The Wall Street Journal seems to be an isolated success story. It has been able to provide a subscription-based site that generates substantial income, and has drawn sufficient readership to remain appealing to advertisers.

Observable Content and Format Changes

When mass media wandered onto the net, there was not much change in their content. Their stories, photos, and media were merely reformatted for the new medium ad shoveled online. Competition from other sources is causing a change in this approach, as content must be developed specifically for the medium in order to succeed against the Web-native content.

Additionally, the barrier to entry in the new medium is extremely low: anyone (even individuals) can produce content without the significant investment in infrastructure that is required in traditional mass media channels. The "citizen journalist" has been a formidable force and citizen journalists as a whole have provided much broader and immediate coverage than traditional media.

Traditional media scoff at amateur efforts, feeling that amateur reporters lack the credibility of mass media - but a 2005 Gallup poll found that only 28% of Americans have confidence in television news or newspapers. Also, the Internet is dissimilar to traditional media in that it is not a one-way broadcast, but a multi-party conversation, so an amateur journalist has many editors and collaborators to support (or discredit) his story.

The resistance, even hostility, traditional media have shown to audience participation is, in that way, an obstacle to their success, an a detriment to their credibility. In recognition of this, more and more media outlets are open to including reader comments and reactions, but generally in a way that's removed from the "real" story. As such, it remains a sideshow rather than an integral part, which differentiates traditional media from Web media.

Traditional media remain strong in the entertainment sphere, and there have been few attempts to date of amateurs attempting to create the equivalent of a feature-length film or television series. However, the popularity of the Blogosphere and media-sharing sites such as YouTube are analogous to reality television programs, and their audiences continue to swell.

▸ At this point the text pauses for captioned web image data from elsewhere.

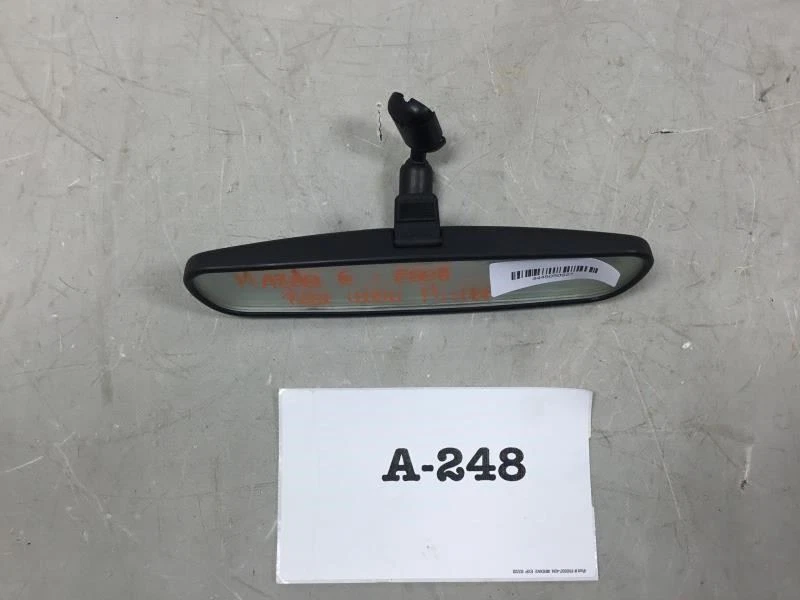 2008 MAZDA 6 INTERIOR REAR VIEW MIRROR MANUAL Fits 01-06 08-11 MAZDA TRIBUTE - Image 4 of 4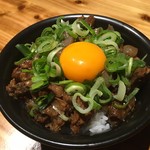 ぼっかけ丼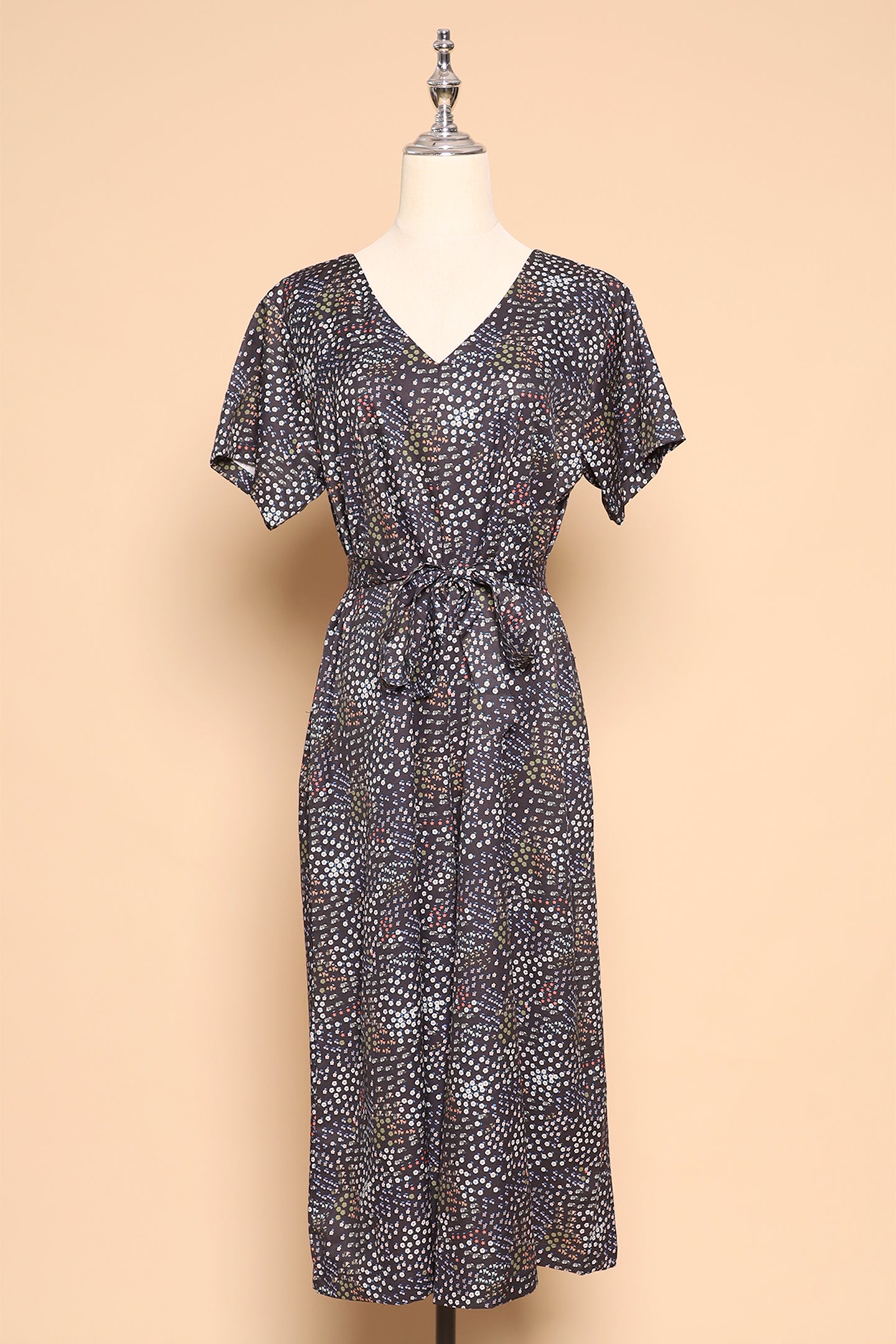 PO - Shirokuro Jumpsuit in Tiny Florets
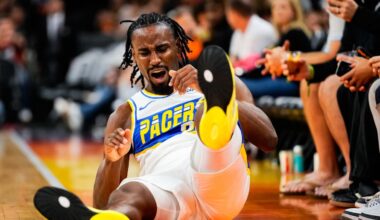 Pacers hope they 'dodged bullet' with knee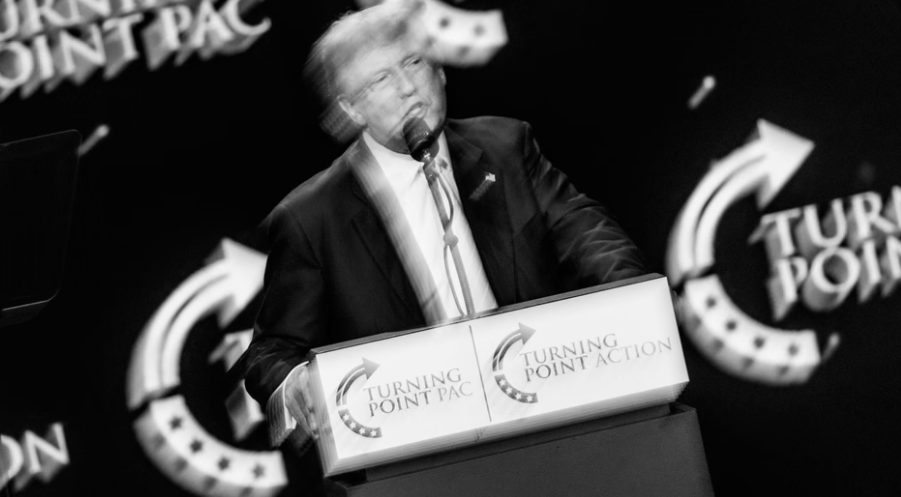 大西洋月刊：當拜登退出時，特朗普第一次無法控制2024年的競選程序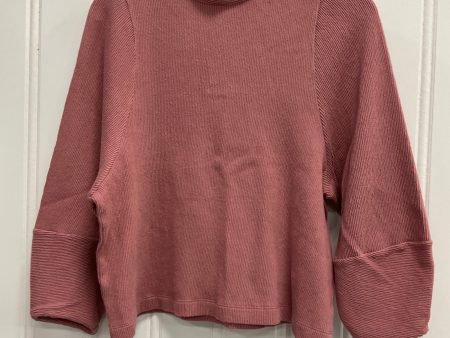 Top Long Sleeve By Madewell In Pink, Size: S on Sale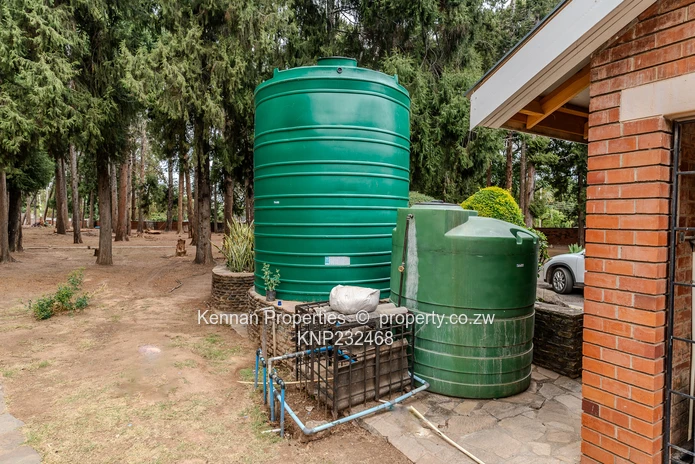 Modern entertainer's house plus land to develop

And yet, the media seem dismissive of such phenomena, dismissing them as a "youth space" of interest only to adolescents. However, this echoes their disdain for the medium in general, and exemplifies the same short-sightedness: as these "youth" mature, will they grow out of their preference for the online medium, or will traditional media find that they have missed their opportunity to engage their future audience.

What's Next

The question remains: will traditional media executives continue to stand by and watch their audience and authority dwindle? To date, they have not shown an earnest effort in gaining a foothold online, and it is suspected that they may never become "true digital natives."

At best, one pundit suggests that the two might combine to overcome each of their weaknesses, though there is no evidence that they are willing to do so, nor any sign of progress in that direction.